SOURCE MATERIAL:
*** Block opens ***

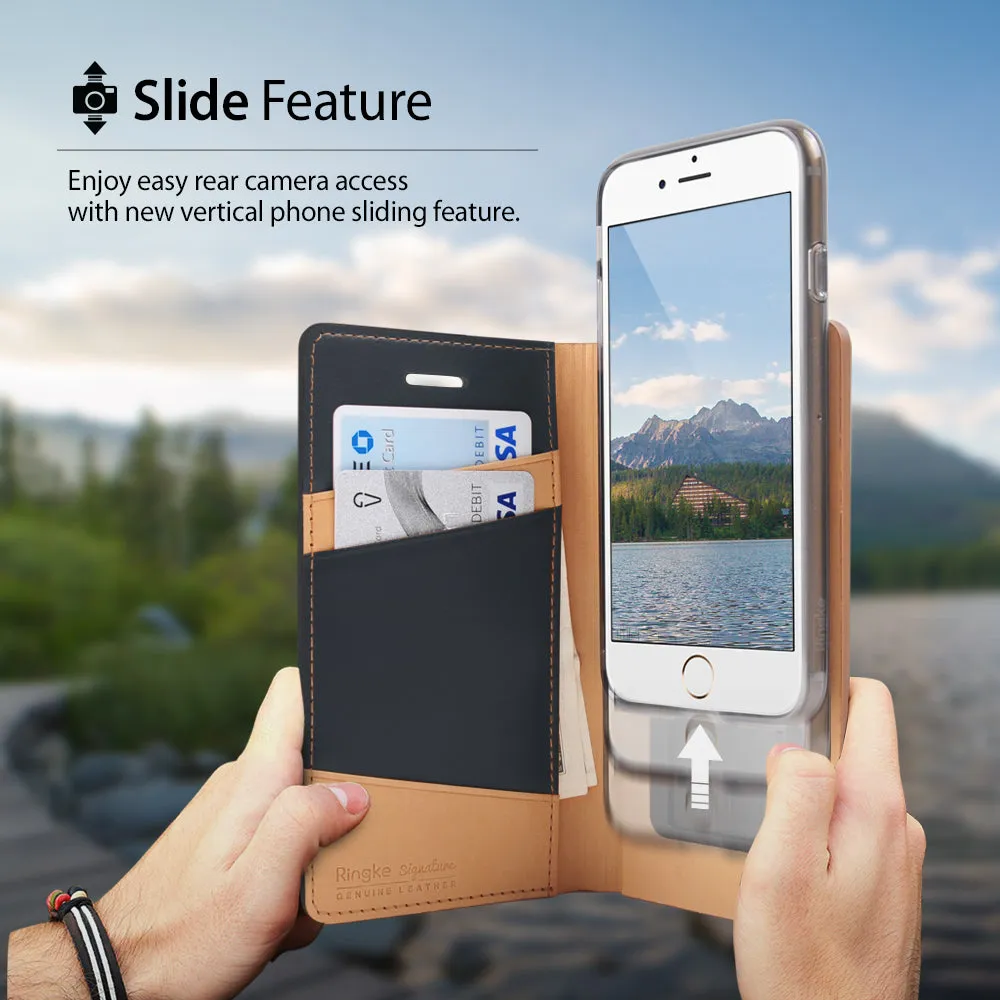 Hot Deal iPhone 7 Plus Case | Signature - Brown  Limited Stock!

*** Block closes ***
*** Block opens ***

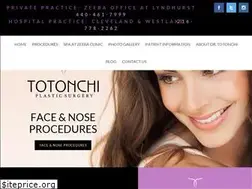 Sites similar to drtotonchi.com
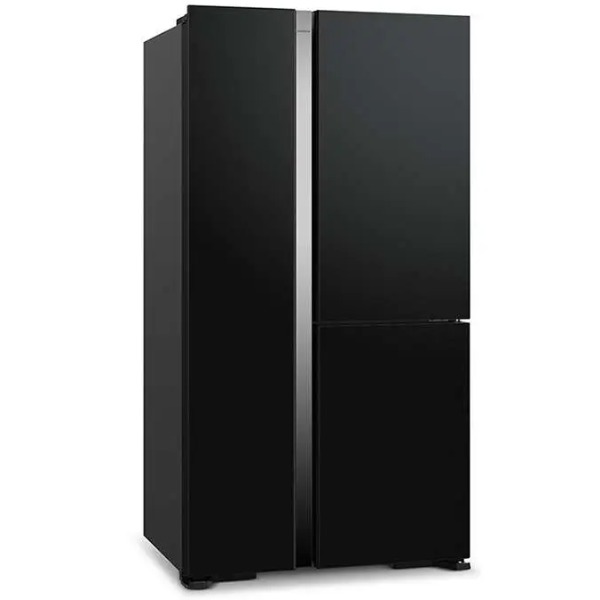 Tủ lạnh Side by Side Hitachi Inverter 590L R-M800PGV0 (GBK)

*** Block closes ***
*** Block opens ***

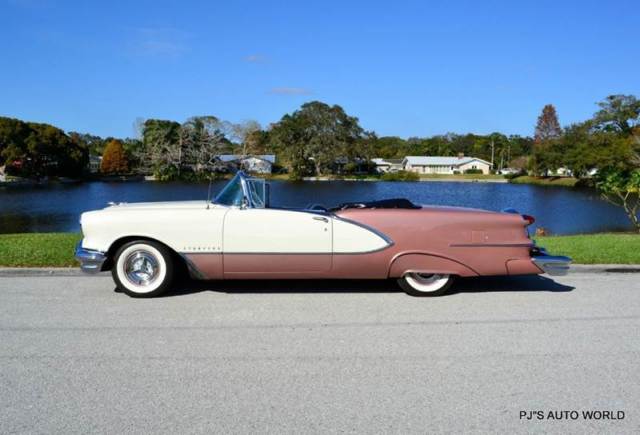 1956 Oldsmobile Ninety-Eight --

*** Block closes ***

AIM OF THE EXERCISE: Skip every picture, and restate word for word only the lines above from the line containing "Sites similar to drtotonchi.com" to the line containing "Tủ lạnh Side", both of them included.

YOUR SOLUTION:
 Sites similar to drtotonchi.com
 Tủ lạnh Side by Side Hitachi Inverter 590L R-M800PGV0 (GBK)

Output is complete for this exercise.